James lehnte stöhnend den Kopf an die Schnitzerei, die nun dauerhaft ins Holz der Kamineinfassung geschnitten war, die die Feuerstelle im Schlafzimmer des Lairds zieren würde. Wahrscheinlich würde er noch ein wenig länger gegen etwas ankämpfen, was immer deutlicher zutage trat. Es lag in der Natur der Männer, sich gegen eine dauerhafte Bindung zu wehren. Doch leider war er sich ziemlich sicher, dass er den Kampf bereits verloren hatte.
6
Beim Aufwachen fiel Annoras Blick als Erstes auf ihren Kater, der auf ihrer Brust saß und sie anstarrte. Sie schenkte dem großen, grauen Tier ein schläfriges Lächeln und kraulte es hinter den zerfetzten Ohren. Der Kater war ein paar Tage auf Wanderschaft gewesen, und sie befürchtete, dass es in ein paar Monaten einen Wurf Katzen geben würde. Sie würde sich wohl auf die Suche nach ihnen begeben müssen, um sie davor zu bewahren, ertränkt zu werden.
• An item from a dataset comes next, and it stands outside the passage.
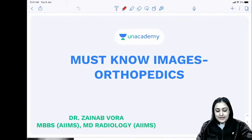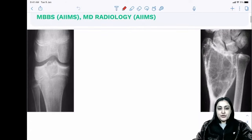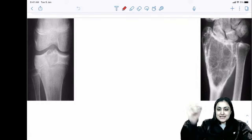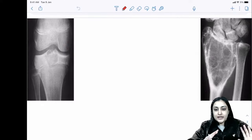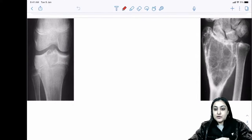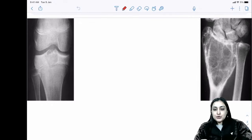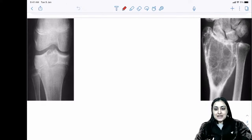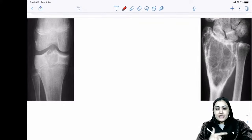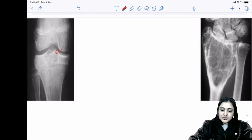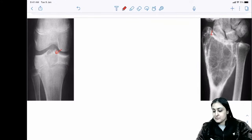Starting off with bone tumors. Anytime you look at a bone tumor case, the most important thing is the location in the long bone — is it in the epiphysis, metaphysis, or diaphysis? That is the first thing you look at. Second, look at the age of the patient, then the morphology. When the tumor is reaching the end of the bone, it is an epiphyseal tumor.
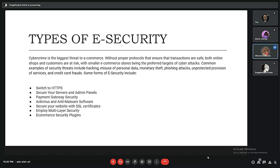Some forms of e-security include switching to HTTPS, which is secure HTTP; securing our servers and admin panels; giving payment gateway security; installing anti-virus and anti-malware software; securing our website with SSL certificates; employing multi-layer security; and using e-commerce security plugins. The next slide will be discussed by my friends — thank you.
Mungo, benannt nach einem Jungen, mit dem sie in ihrer Kindheit befreundet gewesen war, war ein sorgfältig gehütetes Geheimnis. Annora hatte nicht den geringsten Zweifel, dass Donnell die Liebe zu ihrer Katze gegen sie verwenden würde, sobald er etwas davon erfuhr. Er hatte ja bereits bewiesen, dass er ihre Gefühle für Meggie ausnutzen konnte, um ihren Gehorsam zu erzwingen.
Sie richtete sich auf und nahm ein Tuch von einem kleinen Brett, auf dem sie ein paar Bissen Braten und Reste eines hart gekochten Eis für Mungo beiseitegeschafft hatte. Sie stellte das Brett aufs Bett neben sich. Mungo machte sich laut schnurrend darüber her, während sie ihm gedankenverloren den Rücken streichelte und versuchte, die letzten, hartnäckigen Spuren eines langen, tiefen Schlafes abzuschütteln.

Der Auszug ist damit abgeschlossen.